**WORK ORDER:** In the records below, find the line with "30 Currawong Street, Ingleburn NSW 2565" and the line with "New 2025 Volvo". Print both exactly, along with every line between them, and no other line.

**RECORDS SUPPLIED:**
- Opening Delimiter -
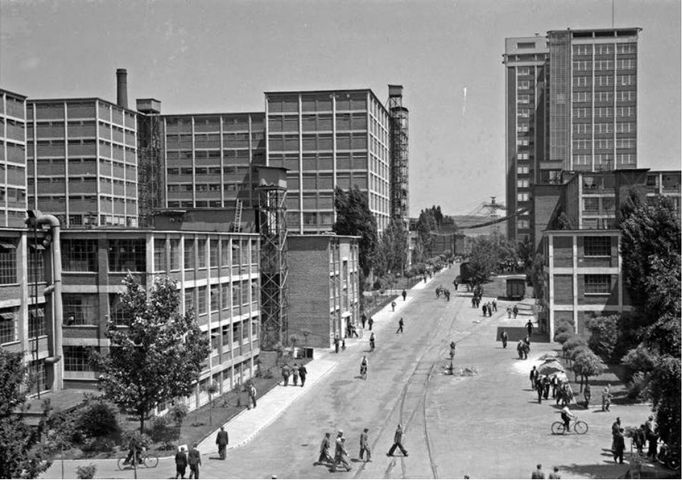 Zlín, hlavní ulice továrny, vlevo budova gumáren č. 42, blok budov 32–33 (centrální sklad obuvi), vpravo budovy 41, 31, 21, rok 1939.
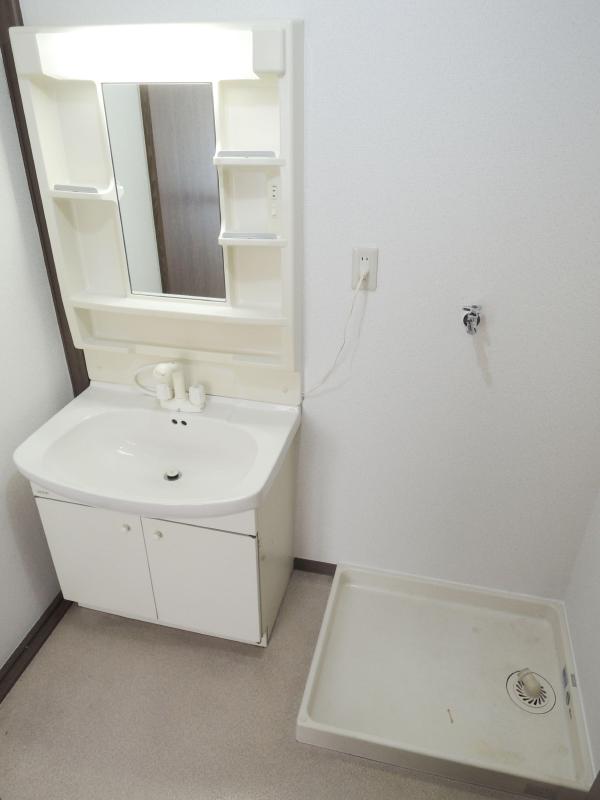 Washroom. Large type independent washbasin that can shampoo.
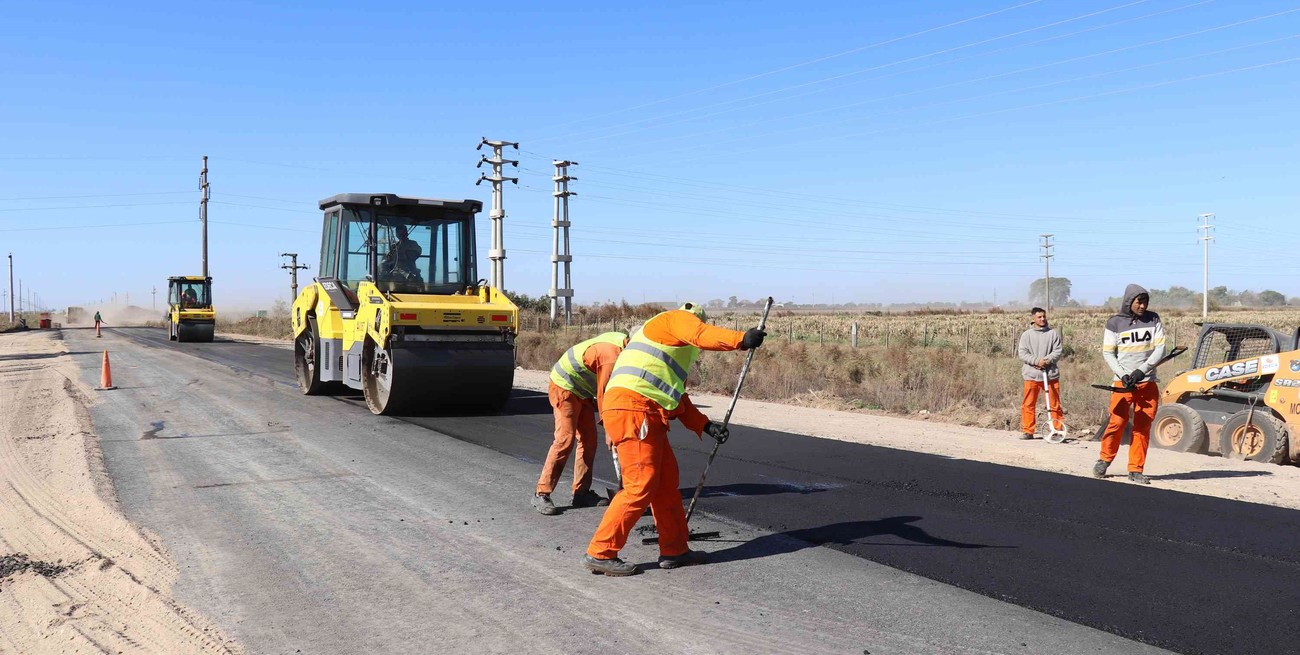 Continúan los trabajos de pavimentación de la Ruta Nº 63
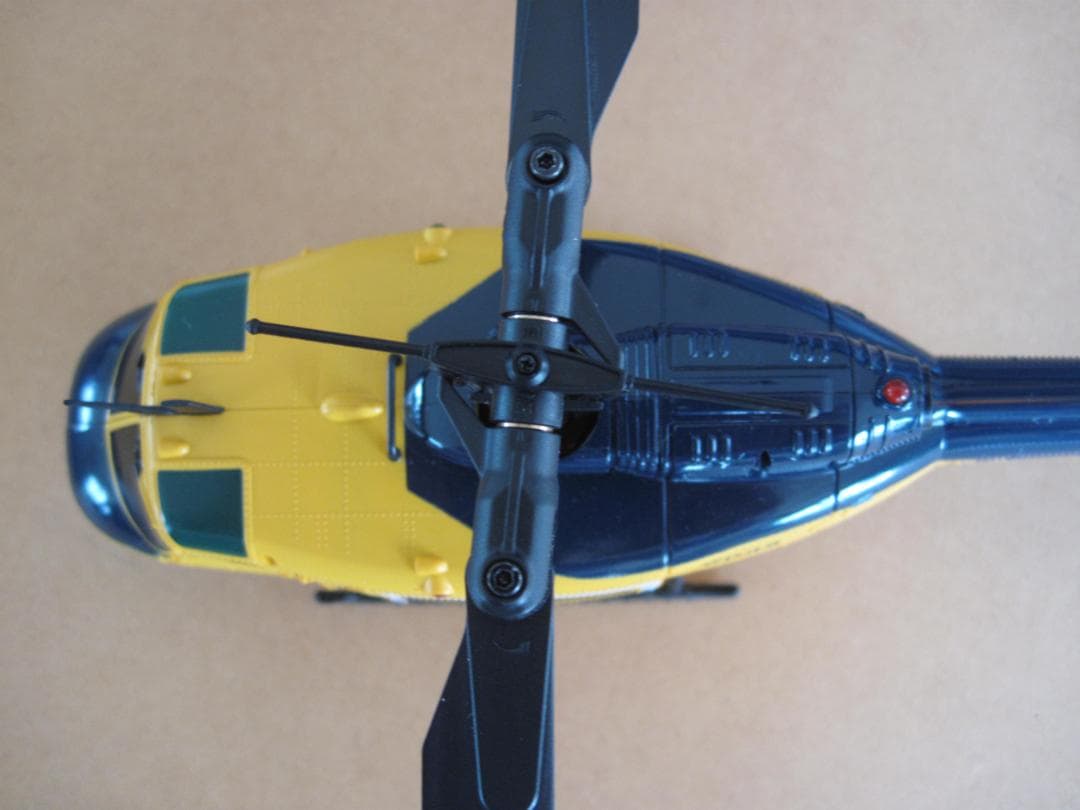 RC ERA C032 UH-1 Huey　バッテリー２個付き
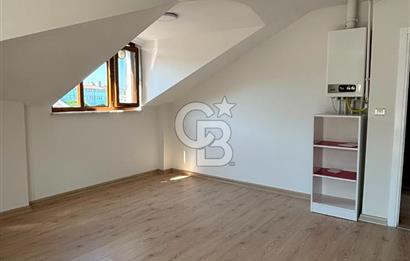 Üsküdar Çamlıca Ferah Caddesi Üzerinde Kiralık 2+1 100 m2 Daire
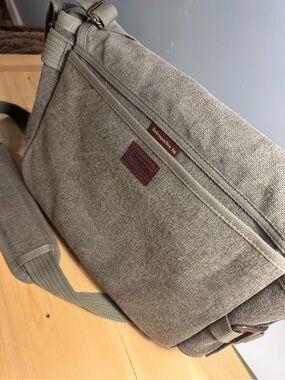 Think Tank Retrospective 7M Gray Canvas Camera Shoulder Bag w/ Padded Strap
- Closing Delimiter -
- Opening Delimiter -
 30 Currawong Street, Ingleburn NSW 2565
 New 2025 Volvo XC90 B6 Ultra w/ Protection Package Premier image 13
- Closing Delimiter -
- Opening Delimiter -
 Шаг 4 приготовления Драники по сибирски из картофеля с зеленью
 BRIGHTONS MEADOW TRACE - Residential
- Closing Delimiter -
**RESULT FOR THIS EXERCISE:**
 30 Currawong Street, Ingleburn NSW 2565
 New 2025 Volvo XC90 B6 Ultra w/ Protection Package Premier image 13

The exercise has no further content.